* Exercise directions: Print the listing exactly as it stands, and skip any pictures in it.

* Given information:
=-=-=-=-=

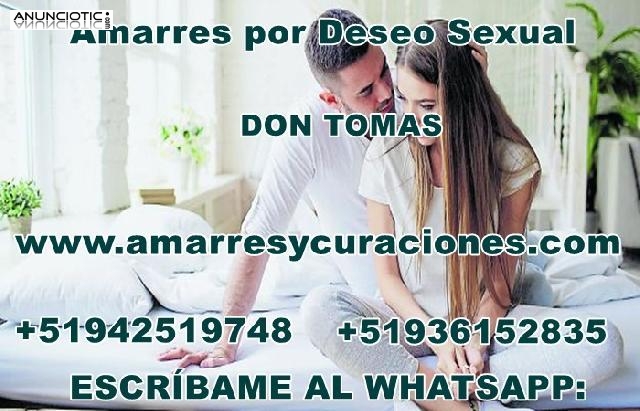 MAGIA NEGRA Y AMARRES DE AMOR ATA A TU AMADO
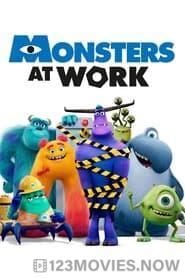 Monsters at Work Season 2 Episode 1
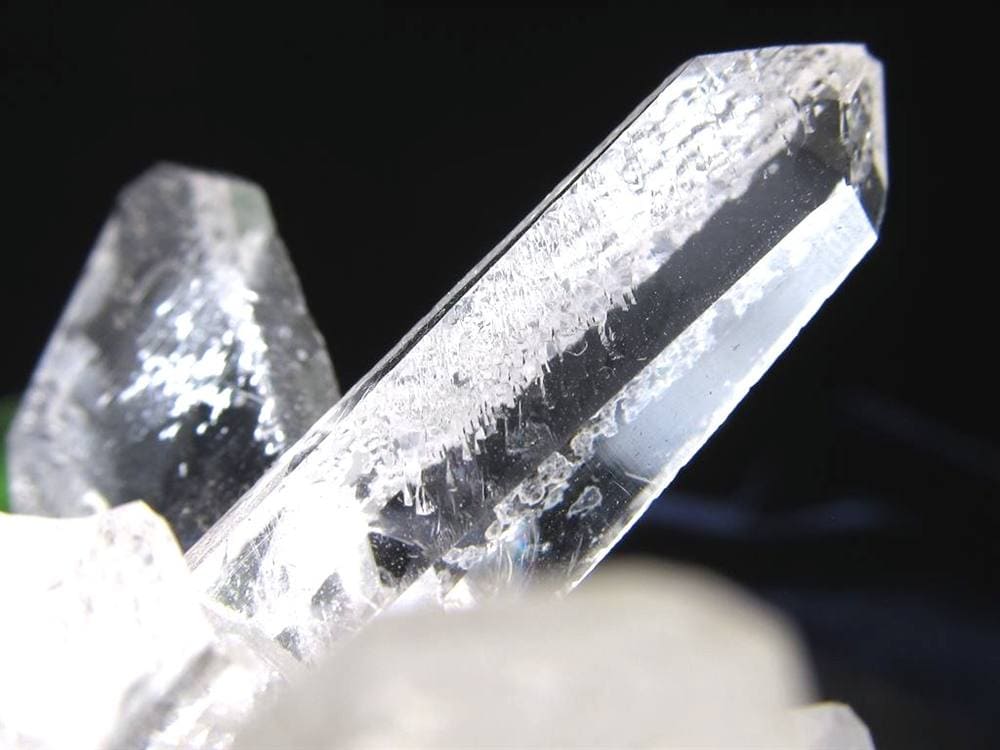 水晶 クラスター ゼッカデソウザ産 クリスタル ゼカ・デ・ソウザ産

=-=-=-=-=

* Task result:
 MAGIA NEGRA Y AMARRES DE AMOR ATA A TU AMADO
 Monsters at Work Season 2 Episode 1
 水晶 クラスター ゼッカデソウザ産 クリスタル ゼカ・デ・ソウザ産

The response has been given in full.